Houve quem ficasse ofendido com a comparação, feita pelo ministro Gilmar Mendes, do jornalista ao chefe de cozinha. Em princípio, não há motivo para zanga. No geral, além de ganhar melhor do que o comum dos jornalistas, chefe de cozinha é profissão em alta, com requintes que só se obtêm com mais anos de prática do que o tempo médio de um curso universitário. Depois, ‘cozinha’ é como na velha gíria das redações se designavam as funções de retaguarda (copydesk, editorias etc) na produção do jornal. Nessa cozinha, costumava-se também ganhar mais do que na reportagem.
Muito provavelmente não é flor desse campo semântico a metáfora do ministro Mendes. Parece-nos mais o resultado de uma noção imprecisa do que se faz na mídia e na cozinha dos restaurantes. O melindre deve-se na certa à suspeita de que a metáfora seja índice do milenar desprezo do trabalho intelectual pelo manual. Há razões para isto: num país em que a tradição escravagista permanece em tantos corações e mentes, a cozinha é conotada como lugar de servos ou subalternos.

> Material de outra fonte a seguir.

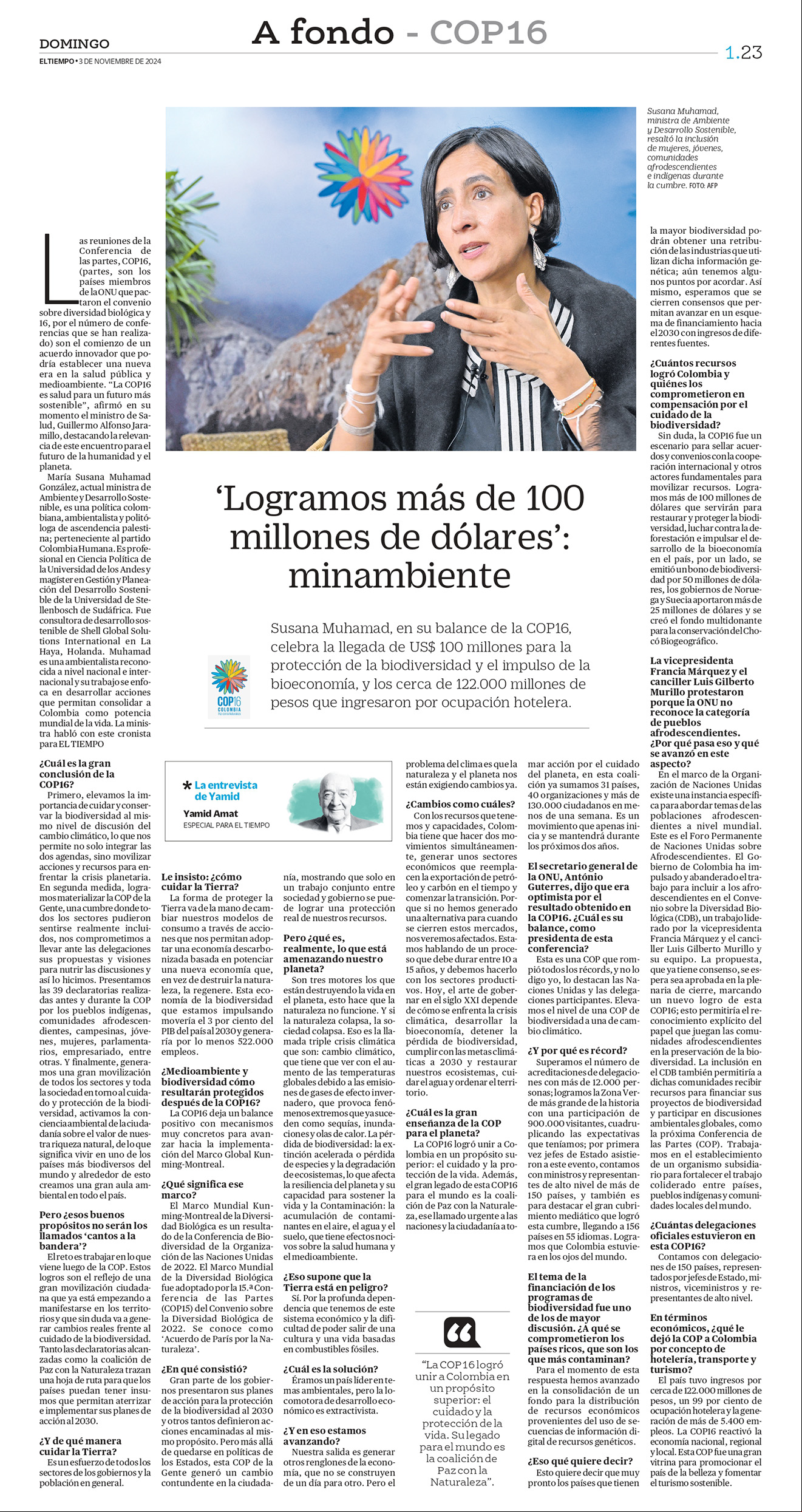 De a poco, la deforestación va destruyendo el bosque virgen de la Amazonia, sin que nada pueda frenarla.
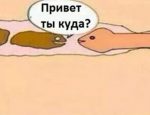 Без имени-1-восстановлено-восстановлено-восстановлено-восстановлено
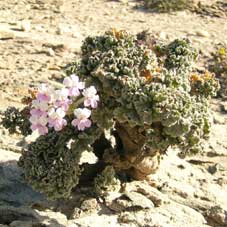 pelargonium cortusifolium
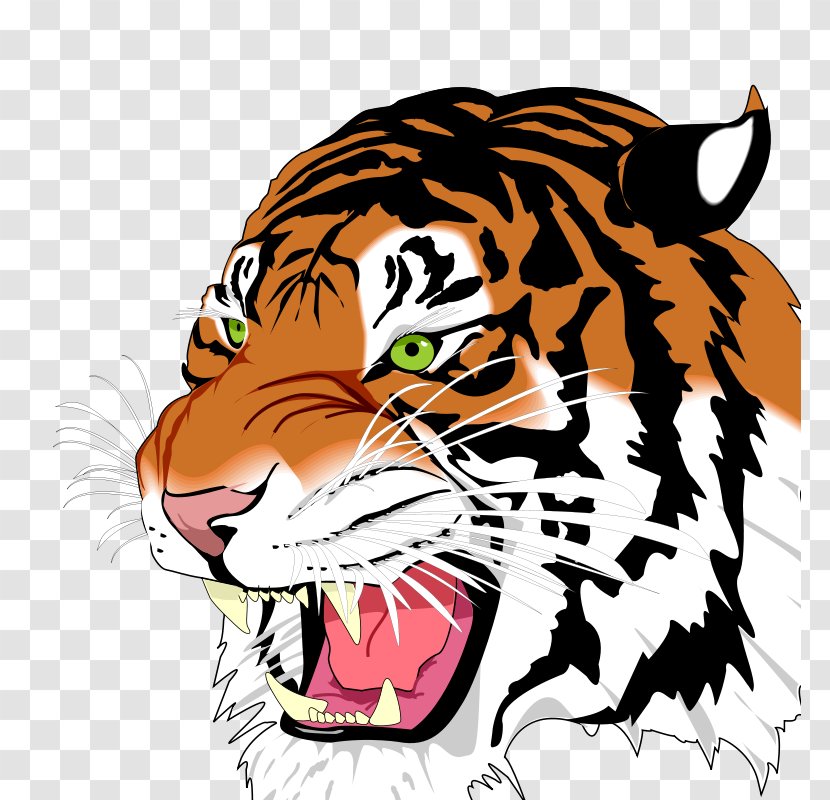 Tiger Rendering Clip Art - Organism Transparent PNG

De fato, não podemos honestamente afirmar, apenas suspeitar, sobre o que ia na alma dos preclaros ministros que acabaram com a obrigatoriedade do diploma de jornalista. Um deles mencionou a falta de ‘verdade científica’ no jornalismo. Para algumas pessoas, inclusive professores universitários, foi um toque de pós-modernidade – a desregulamentação das corporações anda de mãos dadas com o capitalismo cognitivo, este que transforma o conhecimento em principal força produtiva. Ao que sabemos, isto caracteriza os países do Norte, exportadores de tecnologia. Assim, cabe perguntar aos entusiastas a que região do Hemisfério Sul já chegou esse capitalismo, uma vez que aquilo que ainda parece vigorar é o capitalismo coercitivo, o mesmo que, aumentando a produção de alimentos, aumenta simultaneamente a fome no mundo: mais de 1 bilhão de famélicos é a conta oficial neste 2009.
Salve-se-quem-puder
Cabe também perguntar aos apressados teóricos desse capitalismo se, por coerência, aceitariam a desregulamentação do estatuto que lhes garante estabilidade como professores de universidade pública. Ou, então, auscultar os preclaros juízes sobre se, respeitando esse espírito do tempo, concordariam com o fim da vitaliciedade de sua função, senão com a sua eleição por parte da comunidade. A internet seria aí de grande valia.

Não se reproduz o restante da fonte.